Strong Child Nutrition Programs Are Critical for Latino Children and Families

Through the Child Nutrition and Women, Infants, and Children (WIC) Reauthorization Act, Congress has the opportunity to invest in the health and well-being of millions of children and families, including Latinos. Reauthorization should maintain and strengthen the critical child nutrition programs authorized under the Healthy Hunger-Free Kids Act of 2010, and ensure that low-income children have access to healthy meals and snacks at school, in after-school programs, and during the summer months. These programs are particularly important for Latino children and their opportunity and ability to lead healthy, productive lives.

Latino children face critical health disparities in their communities and are more likely to struggle with hunger and chronic health conditions like obesity than their peers.

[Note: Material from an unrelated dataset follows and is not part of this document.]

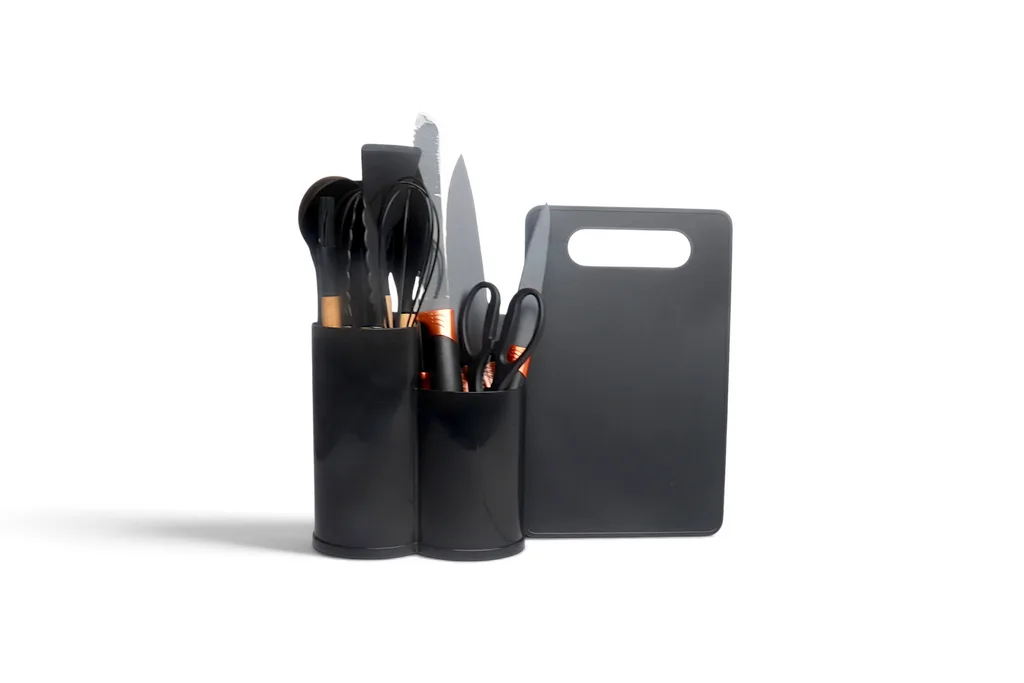 Bali Kitchenware Set With Holder And Cutting Board Black – photo 2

Low-income children, including 4.7 million Latino children living in food-insecure households, count on child nutrition programs to act as a buffer against hunger throughout the year.

The National School Lunch Program and the School Breakfast Program hold particular importance for the Latino community. Seven million Latino children receive free and reduced-price school meals every day, accounting for one-third of all students participating in the program. Children living in households struggling with hunger consume 26% of their daily calories during school meals, compared to 16% for other children. It is critical that Latino children, especially those at risk of going hungry, have consistent access to healthy, nutritious food that might not be available at home.

It is not just at school where Latino children benefit from child nutrition programs. The Child and Adult Care Food Program provides nutritious meals and snacks for preschool-aged children in day care and school-aged children in after-school programs. Latino children have high participation rates in this program; 30% of four-year-olds in this program are Latino, compared to 20% of children younger than five overall. Studies show that low-income toddlers and preschool-aged children enrolled in the program are more likely to have a healthy weight for their age than their peers in child care with meals supplied from home.

For 70 years, federal child nutrition programs have played a vital role in ensuring that all children have the opportunity to grow up healthy. Increasing access to healthy, affordable food decreases hunger, improves academic success, and allows children to thrive. By reauthorizing these important programs, Congress has the opportunity to affirm its commitment to the health and well-being of America’s future.